— Data extract —
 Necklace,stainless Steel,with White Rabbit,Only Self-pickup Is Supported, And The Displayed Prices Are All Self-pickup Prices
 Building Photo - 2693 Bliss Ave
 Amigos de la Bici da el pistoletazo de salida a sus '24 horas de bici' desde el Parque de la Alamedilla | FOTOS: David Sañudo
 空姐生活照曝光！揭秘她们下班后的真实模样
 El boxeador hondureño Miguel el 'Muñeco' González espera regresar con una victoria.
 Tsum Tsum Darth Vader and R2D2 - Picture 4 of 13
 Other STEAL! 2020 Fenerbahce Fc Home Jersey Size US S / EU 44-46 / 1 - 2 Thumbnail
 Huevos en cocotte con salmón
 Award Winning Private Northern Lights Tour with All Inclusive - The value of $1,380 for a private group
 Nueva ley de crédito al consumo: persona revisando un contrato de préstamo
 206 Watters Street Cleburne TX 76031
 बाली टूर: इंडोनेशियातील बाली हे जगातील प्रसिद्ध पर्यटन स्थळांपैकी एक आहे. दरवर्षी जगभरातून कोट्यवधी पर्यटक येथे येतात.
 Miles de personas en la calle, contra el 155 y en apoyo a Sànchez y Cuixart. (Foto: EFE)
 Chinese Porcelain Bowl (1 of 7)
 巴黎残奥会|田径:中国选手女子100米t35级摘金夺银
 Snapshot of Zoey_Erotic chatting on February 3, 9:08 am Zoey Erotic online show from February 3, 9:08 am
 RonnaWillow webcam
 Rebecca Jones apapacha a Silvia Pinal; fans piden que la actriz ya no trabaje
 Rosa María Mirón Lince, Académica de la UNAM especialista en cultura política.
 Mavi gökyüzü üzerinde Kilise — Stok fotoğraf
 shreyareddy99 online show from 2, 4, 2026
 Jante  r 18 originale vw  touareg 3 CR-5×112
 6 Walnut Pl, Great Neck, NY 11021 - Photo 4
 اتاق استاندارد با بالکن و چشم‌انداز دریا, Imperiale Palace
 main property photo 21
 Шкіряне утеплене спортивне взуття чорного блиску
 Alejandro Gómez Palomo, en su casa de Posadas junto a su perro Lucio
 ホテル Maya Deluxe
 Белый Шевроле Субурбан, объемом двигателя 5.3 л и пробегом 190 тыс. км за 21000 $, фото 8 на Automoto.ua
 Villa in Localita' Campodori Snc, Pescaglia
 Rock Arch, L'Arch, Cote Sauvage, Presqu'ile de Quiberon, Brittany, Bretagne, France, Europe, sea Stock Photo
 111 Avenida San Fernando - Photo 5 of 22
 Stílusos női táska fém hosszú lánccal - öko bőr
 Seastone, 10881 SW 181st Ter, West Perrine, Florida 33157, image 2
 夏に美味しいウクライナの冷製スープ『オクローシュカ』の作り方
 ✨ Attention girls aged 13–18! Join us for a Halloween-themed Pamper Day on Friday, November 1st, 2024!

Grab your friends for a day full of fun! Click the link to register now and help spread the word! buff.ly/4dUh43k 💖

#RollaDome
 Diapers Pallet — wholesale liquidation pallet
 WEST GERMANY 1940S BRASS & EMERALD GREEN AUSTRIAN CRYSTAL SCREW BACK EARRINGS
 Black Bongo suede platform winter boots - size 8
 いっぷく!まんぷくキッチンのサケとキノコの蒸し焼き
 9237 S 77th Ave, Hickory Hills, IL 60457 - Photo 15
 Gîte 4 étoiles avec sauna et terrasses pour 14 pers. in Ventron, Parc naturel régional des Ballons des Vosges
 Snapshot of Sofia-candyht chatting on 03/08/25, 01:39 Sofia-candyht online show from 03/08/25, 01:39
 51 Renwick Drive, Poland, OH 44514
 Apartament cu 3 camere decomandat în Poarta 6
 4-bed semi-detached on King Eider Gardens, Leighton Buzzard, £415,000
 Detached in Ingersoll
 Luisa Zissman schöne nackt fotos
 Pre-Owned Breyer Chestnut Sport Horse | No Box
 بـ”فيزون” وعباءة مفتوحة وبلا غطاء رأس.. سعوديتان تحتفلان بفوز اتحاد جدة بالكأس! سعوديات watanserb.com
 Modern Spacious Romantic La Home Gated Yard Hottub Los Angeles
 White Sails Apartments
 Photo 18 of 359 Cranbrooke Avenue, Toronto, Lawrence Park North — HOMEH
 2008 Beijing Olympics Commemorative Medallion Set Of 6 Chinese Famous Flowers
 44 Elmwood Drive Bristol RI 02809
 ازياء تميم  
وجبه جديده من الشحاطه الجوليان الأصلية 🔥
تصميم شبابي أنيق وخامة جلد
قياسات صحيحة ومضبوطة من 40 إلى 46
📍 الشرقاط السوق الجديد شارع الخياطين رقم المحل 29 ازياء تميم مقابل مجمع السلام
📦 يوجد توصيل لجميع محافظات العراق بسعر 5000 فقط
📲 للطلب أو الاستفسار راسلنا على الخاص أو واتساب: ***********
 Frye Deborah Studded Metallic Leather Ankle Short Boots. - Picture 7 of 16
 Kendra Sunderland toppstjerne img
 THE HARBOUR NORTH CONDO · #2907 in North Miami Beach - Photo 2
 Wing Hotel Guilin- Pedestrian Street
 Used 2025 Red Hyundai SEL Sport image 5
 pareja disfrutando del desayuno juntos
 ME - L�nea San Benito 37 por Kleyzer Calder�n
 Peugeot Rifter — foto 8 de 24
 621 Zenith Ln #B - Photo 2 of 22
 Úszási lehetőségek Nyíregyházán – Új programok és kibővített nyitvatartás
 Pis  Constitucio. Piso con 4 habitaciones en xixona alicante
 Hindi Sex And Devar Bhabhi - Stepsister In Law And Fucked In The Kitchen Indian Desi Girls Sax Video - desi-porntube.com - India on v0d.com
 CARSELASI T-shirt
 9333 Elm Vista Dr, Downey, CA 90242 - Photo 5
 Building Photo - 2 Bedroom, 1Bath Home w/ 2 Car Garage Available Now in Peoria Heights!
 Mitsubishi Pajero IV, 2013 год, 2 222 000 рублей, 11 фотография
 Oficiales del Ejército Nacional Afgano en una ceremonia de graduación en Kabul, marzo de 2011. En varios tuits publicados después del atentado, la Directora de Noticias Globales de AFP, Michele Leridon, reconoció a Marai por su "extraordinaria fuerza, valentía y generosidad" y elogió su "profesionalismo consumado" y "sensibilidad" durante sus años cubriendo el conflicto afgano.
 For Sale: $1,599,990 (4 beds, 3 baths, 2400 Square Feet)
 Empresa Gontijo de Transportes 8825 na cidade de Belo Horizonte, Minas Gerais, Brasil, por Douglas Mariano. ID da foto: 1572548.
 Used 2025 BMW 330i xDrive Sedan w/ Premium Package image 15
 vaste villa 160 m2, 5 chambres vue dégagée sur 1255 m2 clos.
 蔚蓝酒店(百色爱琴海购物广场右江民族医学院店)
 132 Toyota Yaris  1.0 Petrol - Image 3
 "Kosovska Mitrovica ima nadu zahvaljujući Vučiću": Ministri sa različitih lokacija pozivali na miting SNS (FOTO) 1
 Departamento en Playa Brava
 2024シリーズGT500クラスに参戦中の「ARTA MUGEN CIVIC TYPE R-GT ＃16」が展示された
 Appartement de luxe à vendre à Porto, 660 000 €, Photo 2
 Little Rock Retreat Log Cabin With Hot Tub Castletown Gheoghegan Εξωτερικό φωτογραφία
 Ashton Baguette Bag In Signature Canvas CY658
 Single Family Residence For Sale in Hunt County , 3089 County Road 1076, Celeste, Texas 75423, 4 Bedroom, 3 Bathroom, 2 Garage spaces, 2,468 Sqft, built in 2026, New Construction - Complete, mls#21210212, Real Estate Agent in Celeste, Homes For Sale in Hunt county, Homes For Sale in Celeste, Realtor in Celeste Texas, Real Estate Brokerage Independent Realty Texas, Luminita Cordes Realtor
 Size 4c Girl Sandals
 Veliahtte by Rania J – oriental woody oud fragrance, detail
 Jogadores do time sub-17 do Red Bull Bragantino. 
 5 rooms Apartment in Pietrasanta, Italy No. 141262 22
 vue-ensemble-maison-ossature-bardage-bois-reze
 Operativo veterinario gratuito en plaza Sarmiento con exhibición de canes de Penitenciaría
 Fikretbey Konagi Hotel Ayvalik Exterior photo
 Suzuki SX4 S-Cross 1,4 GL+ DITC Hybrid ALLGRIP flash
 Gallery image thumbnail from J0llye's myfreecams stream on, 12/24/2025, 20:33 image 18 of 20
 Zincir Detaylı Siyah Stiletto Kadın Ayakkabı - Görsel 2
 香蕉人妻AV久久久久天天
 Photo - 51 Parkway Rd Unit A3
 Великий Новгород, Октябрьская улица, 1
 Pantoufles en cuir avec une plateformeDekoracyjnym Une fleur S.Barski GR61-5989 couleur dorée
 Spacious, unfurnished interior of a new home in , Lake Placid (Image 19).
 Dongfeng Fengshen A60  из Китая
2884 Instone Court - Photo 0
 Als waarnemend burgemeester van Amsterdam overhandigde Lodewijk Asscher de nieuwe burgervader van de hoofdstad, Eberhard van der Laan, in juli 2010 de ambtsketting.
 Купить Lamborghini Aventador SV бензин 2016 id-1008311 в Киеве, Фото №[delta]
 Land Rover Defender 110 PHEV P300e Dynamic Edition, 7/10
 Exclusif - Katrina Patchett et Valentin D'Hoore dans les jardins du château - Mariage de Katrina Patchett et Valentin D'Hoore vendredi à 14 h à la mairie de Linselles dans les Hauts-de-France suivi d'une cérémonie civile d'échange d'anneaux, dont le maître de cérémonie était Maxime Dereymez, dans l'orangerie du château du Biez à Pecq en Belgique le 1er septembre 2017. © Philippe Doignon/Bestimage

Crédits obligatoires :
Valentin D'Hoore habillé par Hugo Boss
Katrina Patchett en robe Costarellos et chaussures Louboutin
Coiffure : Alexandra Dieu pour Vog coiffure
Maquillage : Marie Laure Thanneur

— Work request —
Within the listing above, extract exactly the lines from the line with "Size 4c Girl Sandals" to the line with "Suzuki SX4 S-Cross", the two named lines included, and no others.

— Result —
 Size 4c Girl Sandals
 Veliahtte by Rania J – oriental woody oud fragrance, detail
 Jogadores do time sub-17 do Red Bull Bragantino. 
 5 rooms Apartment in Pietrasanta, Italy No. 141262 22
 vue-ensemble-maison-ossature-bardage-bois-reze
 Operativo veterinario gratuito en plaza Sarmiento con exhibición de canes de Penitenciaría
 Fikretbey Konagi Hotel Ayvalik Exterior photo
 Suzuki SX4 S-Cross 1,4 GL+ DITC Hybrid ALLGRIP flash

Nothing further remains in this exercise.